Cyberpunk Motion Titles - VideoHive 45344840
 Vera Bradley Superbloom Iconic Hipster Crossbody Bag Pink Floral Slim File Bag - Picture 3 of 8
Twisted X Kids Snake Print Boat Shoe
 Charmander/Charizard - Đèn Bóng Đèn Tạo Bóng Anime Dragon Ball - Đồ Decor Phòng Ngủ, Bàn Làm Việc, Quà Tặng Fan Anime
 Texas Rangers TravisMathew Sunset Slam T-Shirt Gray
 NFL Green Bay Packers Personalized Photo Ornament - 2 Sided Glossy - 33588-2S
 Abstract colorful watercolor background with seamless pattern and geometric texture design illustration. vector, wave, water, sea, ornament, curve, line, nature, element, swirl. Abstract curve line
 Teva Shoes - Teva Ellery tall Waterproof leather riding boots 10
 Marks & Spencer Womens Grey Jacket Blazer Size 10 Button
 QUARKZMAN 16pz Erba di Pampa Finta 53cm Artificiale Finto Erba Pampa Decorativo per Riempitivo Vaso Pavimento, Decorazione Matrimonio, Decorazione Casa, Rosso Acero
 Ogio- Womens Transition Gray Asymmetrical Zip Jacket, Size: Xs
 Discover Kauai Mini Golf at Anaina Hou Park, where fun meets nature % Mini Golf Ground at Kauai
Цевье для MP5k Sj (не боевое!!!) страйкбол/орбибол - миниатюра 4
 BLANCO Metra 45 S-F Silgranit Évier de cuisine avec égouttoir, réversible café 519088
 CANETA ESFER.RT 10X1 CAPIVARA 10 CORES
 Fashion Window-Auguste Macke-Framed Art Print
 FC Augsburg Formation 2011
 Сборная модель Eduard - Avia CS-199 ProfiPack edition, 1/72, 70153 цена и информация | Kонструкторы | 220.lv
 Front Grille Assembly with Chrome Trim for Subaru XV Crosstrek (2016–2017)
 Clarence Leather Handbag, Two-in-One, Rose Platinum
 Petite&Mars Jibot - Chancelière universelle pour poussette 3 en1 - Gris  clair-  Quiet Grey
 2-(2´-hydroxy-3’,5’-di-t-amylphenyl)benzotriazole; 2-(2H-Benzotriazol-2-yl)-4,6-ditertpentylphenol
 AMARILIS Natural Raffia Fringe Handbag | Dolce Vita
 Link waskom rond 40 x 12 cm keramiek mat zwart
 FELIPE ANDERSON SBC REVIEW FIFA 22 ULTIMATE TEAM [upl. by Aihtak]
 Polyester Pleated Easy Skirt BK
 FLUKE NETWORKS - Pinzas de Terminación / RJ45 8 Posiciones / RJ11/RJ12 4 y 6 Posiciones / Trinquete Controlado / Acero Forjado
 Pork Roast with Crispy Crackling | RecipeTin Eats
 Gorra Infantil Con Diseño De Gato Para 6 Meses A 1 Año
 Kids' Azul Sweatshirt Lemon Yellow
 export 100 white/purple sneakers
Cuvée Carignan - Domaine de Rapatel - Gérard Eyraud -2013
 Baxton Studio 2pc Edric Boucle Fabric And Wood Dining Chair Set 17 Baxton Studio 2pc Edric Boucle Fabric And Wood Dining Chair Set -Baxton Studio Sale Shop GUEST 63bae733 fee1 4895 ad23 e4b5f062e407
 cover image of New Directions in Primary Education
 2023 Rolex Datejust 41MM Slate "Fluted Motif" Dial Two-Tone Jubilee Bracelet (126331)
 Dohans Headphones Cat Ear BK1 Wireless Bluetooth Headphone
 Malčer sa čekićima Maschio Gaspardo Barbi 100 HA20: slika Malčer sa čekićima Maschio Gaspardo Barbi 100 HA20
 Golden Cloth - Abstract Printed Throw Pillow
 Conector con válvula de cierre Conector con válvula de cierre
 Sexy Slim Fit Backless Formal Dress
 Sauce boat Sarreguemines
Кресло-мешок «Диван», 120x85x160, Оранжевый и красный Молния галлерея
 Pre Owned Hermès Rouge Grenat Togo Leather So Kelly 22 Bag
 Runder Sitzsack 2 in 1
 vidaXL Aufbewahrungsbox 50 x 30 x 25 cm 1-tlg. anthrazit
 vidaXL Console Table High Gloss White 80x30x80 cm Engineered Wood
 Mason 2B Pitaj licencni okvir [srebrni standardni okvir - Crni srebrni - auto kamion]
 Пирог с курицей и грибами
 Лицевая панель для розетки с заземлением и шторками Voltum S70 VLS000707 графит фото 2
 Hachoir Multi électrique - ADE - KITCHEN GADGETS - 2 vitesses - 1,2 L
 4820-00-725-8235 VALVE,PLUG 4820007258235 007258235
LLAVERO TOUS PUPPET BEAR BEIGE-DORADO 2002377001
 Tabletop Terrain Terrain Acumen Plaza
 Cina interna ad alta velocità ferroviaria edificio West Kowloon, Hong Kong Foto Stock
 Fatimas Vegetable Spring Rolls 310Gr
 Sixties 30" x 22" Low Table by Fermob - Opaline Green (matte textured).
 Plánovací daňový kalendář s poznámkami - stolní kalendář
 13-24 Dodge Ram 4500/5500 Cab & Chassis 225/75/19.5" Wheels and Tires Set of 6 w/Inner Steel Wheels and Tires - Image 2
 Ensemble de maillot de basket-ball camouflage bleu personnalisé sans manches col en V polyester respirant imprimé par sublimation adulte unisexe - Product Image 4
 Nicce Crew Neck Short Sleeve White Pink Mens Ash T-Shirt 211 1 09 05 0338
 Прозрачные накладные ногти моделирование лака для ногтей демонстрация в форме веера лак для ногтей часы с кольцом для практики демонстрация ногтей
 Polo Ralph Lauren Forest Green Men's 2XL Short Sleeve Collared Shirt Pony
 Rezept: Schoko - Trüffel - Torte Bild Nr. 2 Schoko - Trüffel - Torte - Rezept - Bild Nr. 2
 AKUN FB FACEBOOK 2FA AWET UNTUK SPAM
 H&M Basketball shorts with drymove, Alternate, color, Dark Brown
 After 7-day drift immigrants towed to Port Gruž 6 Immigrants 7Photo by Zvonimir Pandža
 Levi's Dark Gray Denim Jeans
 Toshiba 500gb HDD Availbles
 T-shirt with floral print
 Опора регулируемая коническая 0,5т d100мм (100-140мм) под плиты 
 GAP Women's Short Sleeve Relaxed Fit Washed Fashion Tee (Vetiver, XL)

> EXERCISE
Your response must contain the complete listing, copied without deviation.

> TASK SOLUTION
Cyberpunk Motion Titles - VideoHive 45344840
 Vera Bradley Superbloom Iconic Hipster Crossbody Bag Pink Floral Slim File Bag - Picture 3 of 8
Twisted X Kids Snake Print Boat Shoe
 Charmander/Charizard - Đèn Bóng Đèn Tạo Bóng Anime Dragon Ball - Đồ Decor Phòng Ngủ, Bàn Làm Việc, Quà Tặng Fan Anime
 Texas Rangers TravisMathew Sunset Slam T-Shirt Gray
 NFL Green Bay Packers Personalized Photo Ornament - 2 Sided Glossy - 33588-2S
 Abstract colorful watercolor background with seamless pattern and geometric texture design illustration. vector, wave, water, sea, ornament, curve, line, nature, element, swirl. Abstract curve line
 Teva Shoes - Teva Ellery tall Waterproof leather riding boots 10
 Marks & Spencer Womens Grey Jacket Blazer Size 10 Button
 QUARKZMAN 16pz Erba di Pampa Finta 53cm Artificiale Finto Erba Pampa Decorativo per Riempitivo Vaso Pavimento, Decorazione Matrimonio, Decorazione Casa, Rosso Acero
 Ogio- Womens Transition Gray Asymmetrical Zip Jacket, Size: Xs
 Discover Kauai Mini Golf at Anaina Hou Park, where fun meets nature % Mini Golf Ground at Kauai
Цевье для MP5k Sj (не боевое!!!) страйкбол/орбибол - миниатюра 4
 BLANCO Metra 45 S-F Silgranit Évier de cuisine avec égouttoir, réversible café 519088
 CANETA ESFER.RT 10X1 CAPIVARA 10 CORES
 Fashion Window-Auguste Macke-Framed Art Print
 FC Augsburg Formation 2011
 Сборная модель Eduard - Avia CS-199 ProfiPack edition, 1/72, 70153 цена и информация | Kонструкторы | 220.lv
 Front Grille Assembly with Chrome Trim for Subaru XV Crosstrek (2016–2017)
 Clarence Leather Handbag, Two-in-One, Rose Platinum
 Petite&Mars Jibot - Chancelière universelle pour poussette 3 en1 - Gris  clair-  Quiet Grey
 2-(2´-hydroxy-3’,5’-di-t-amylphenyl)benzotriazole; 2-(2H-Benzotriazol-2-yl)-4,6-ditertpentylphenol
 AMARILIS Natural Raffia Fringe Handbag | Dolce Vita
 Link waskom rond 40 x 12 cm keramiek mat zwart
 FELIPE ANDERSON SBC REVIEW FIFA 22 ULTIMATE TEAM [upl. by Aihtak]
 Polyester Pleated Easy Skirt BK
 FLUKE NETWORKS - Pinzas de Terminación / RJ45 8 Posiciones / RJ11/RJ12 4 y 6 Posiciones / Trinquete Controlado / Acero Forjado
 Pork Roast with Crispy Crackling | RecipeTin Eats
 Gorra Infantil Con Diseño De Gato Para 6 Meses A 1 Año
 Kids' Azul Sweatshirt Lemon Yellow
 export 100 white/purple sneakers
Cuvée Carignan - Domaine de Rapatel - Gérard Eyraud -2013
 Baxton Studio 2pc Edric Boucle Fabric And Wood Dining Chair Set 17 Baxton Studio 2pc Edric Boucle Fabric And Wood Dining Chair Set -Baxton Studio Sale Shop GUEST 63bae733 fee1 4895 ad23 e4b5f062e407
 cover image of New Directions in Primary Education
 2023 Rolex Datejust 41MM Slate "Fluted Motif" Dial Two-Tone Jubilee Bracelet (126331)
 Dohans Headphones Cat Ear BK1 Wireless Bluetooth Headphone
 Malčer sa čekićima Maschio Gaspardo Barbi 100 HA20: slika Malčer sa čekićima Maschio Gaspardo Barbi 100 HA20
 Golden Cloth - Abstract Printed Throw Pillow
 Conector con válvula de cierre Conector con válvula de cierre
 Sexy Slim Fit Backless Formal Dress
 Sauce boat Sarreguemines
Кресло-мешок «Диван», 120x85x160, Оранжевый и красный Молния галлерея
 Pre Owned Hermès Rouge Grenat Togo Leather So Kelly 22 Bag
 Runder Sitzsack 2 in 1
 vidaXL Aufbewahrungsbox 50 x 30 x 25 cm 1-tlg. anthrazit
 vidaXL Console Table High Gloss White 80x30x80 cm Engineered Wood
 Mason 2B Pitaj licencni okvir [srebrni standardni okvir - Crni srebrni - auto kamion]
 Пирог с курицей и грибами
 Лицевая панель для розетки с заземлением и шторками Voltum S70 VLS000707 графит фото 2
 Hachoir Multi électrique - ADE - KITCHEN GADGETS - 2 vitesses - 1,2 L
 4820-00-725-8235 VALVE,PLUG 4820007258235 007258235
LLAVERO TOUS PUPPET BEAR BEIGE-DORADO 2002377001
 Tabletop Terrain Terrain Acumen Plaza
 Cina interna ad alta velocità ferroviaria edificio West Kowloon, Hong Kong Foto Stock
 Fatimas Vegetable Spring Rolls 310Gr
 Sixties 30" x 22" Low Table by Fermob - Opaline Green (matte textured).
 Plánovací daňový kalendář s poznámkami - stolní kalendář
 13-24 Dodge Ram 4500/5500 Cab & Chassis 225/75/19.5" Wheels and Tires Set of 6 w/Inner Steel Wheels and Tires - Image 2
 Ensemble de maillot de basket-ball camouflage bleu personnalisé sans manches col en V polyester respirant imprimé par sublimation adulte unisexe - Product Image 4
 Nicce Crew Neck Short Sleeve White Pink Mens Ash T-Shirt 211 1 09 05 0338
 Прозрачные накладные ногти моделирование лака для ногтей демонстрация в форме веера лак для ногтей часы с кольцом для практики демонстрация ногтей
 Polo Ralph Lauren Forest Green Men's 2XL Short Sleeve Collared Shirt Pony
 Rezept: Schoko - Trüffel - Torte Bild Nr. 2 Schoko - Trüffel - Torte - Rezept - Bild Nr. 2
 AKUN FB FACEBOOK 2FA AWET UNTUK SPAM
 H&M Basketball shorts with drymove, Alternate, color, Dark Brown
 After 7-day drift immigrants towed to Port Gruž 6 Immigrants 7Photo by Zvonimir Pandža
 Levi's Dark Gray Denim Jeans
 Toshiba 500gb HDD Availbles
 T-shirt with floral print
 Опора регулируемая коническая 0,5т d100мм (100-140мм) под плиты 
 GAP Women's Short Sleeve Relaxed Fit Washed Fashion Tee (Vetiver, XL)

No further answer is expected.